STEP 2: CALCULATE YOUR ACTUAL HOPE TAX (10 minutes)


Track this for one week. Every time you play "the optimistic one," make a tally mark.


Count honestly:


  • Cabinet meetings where you reframe challenges
  • One-on-ones where you "help them see differently"
  • Emails where you provide encouraging perspective
  • Hallway conversations where someone needs hope injection


Then do the math:


[Number of instances] × 15 minutes each × $125/hour × 47 weeks = Your Annual Hope Tax


For the president who hit 23 instances in five days? That's $32,662.50 annually.


That's not a rounding error. That's a full-time staff position you're filling with your emotional labor while wondering why you don't have time for strategic thinking.


Write the number down. Show it to someone. Maybe your spouse, who's been asking why you're exhausted on weekends.

Your Hope Tax isn't a leadership development expense. It's a leadership design flaw that's been costing you actual money and time you'll never get back.


STEP 3: THE AGENCY REDISTRIBUTION CONVERSATION (20 minutes at next cabinet meeting)


This is the uncomfortable one. This is where you name the pattern that everyone's been experiencing but nobody's been saying.

Add this to your next cabinet agenda: "Team development conversation: Hope infrastructure"

Then say this (or your version of this):


"I've noticed a pattern in our meetings, and I want to name it and see if you're noticing it too."

I think I've accidentally trained us that my job is to see possibility and your job is to see obstacles. That wasn't intentional, but I think it's happening. And I think it's making us less effective as a team.


Not because you can't see possibility—you absolutely can. But because I keep doing it for you before you have to. So you've stopped practicing that muscle.


What if we practiced seeing possibility together? What would that look like?"


Pause. Let that land. Count to 10 again.


Then:


"I'm not going to stop being optimistic. But I am going to stop being the only person who's optimistic. Starting today."

Uncomfortable? Extremely.


Necessary? Absolutely.


Will someone say "but isn't providing vision and hope literally your job as leader?" Probably your CFO.


Your response:


"My job is to build a team that can lead even when I'm not in the room. Right now, I'm accidentally preventing that by providing something you need to learn to generate yourselves."

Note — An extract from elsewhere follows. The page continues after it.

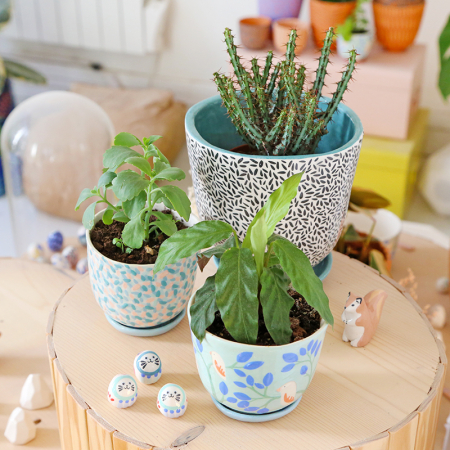 Pot "Rainforest" + coupelle... 2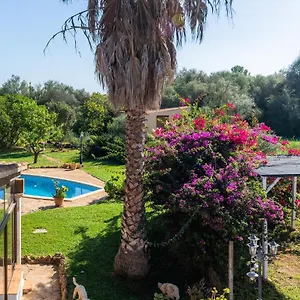 Pep Villa Sineu (Mallorca)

This won't feel natural. It will feel like you're withholding something they need.


You're not. You're teaching them to build what you've been loaning.


There's a difference.


Pause here. Comment "47 SECONDS" if you're willing to try the awkward silence experiment at your next meeting. I want to see how many leaders are brave enough to stop talking.


OBJECTION HANDLING


"But we don't have time for this philosophical conversation about hope. We have actual crises."


You're currently spending 15+ hours per month being the hope dealer. That's 180 hours per year. That's 4.5 weeks of full-time work.


You don't have time NOT to fix this.


Also, this isn't philosophical. This is operational. Your team can't function independently because you've accidentally made yourself indispensable for basic optimism. That's not crisis management. That's crisis creation with inspirational language.


"What if I stop providing hope and they just spiral into negativity?"

Then you've discovered the actual state of your team's agency, and you can finally address the real problem instead of decorating around it with motivational speeches.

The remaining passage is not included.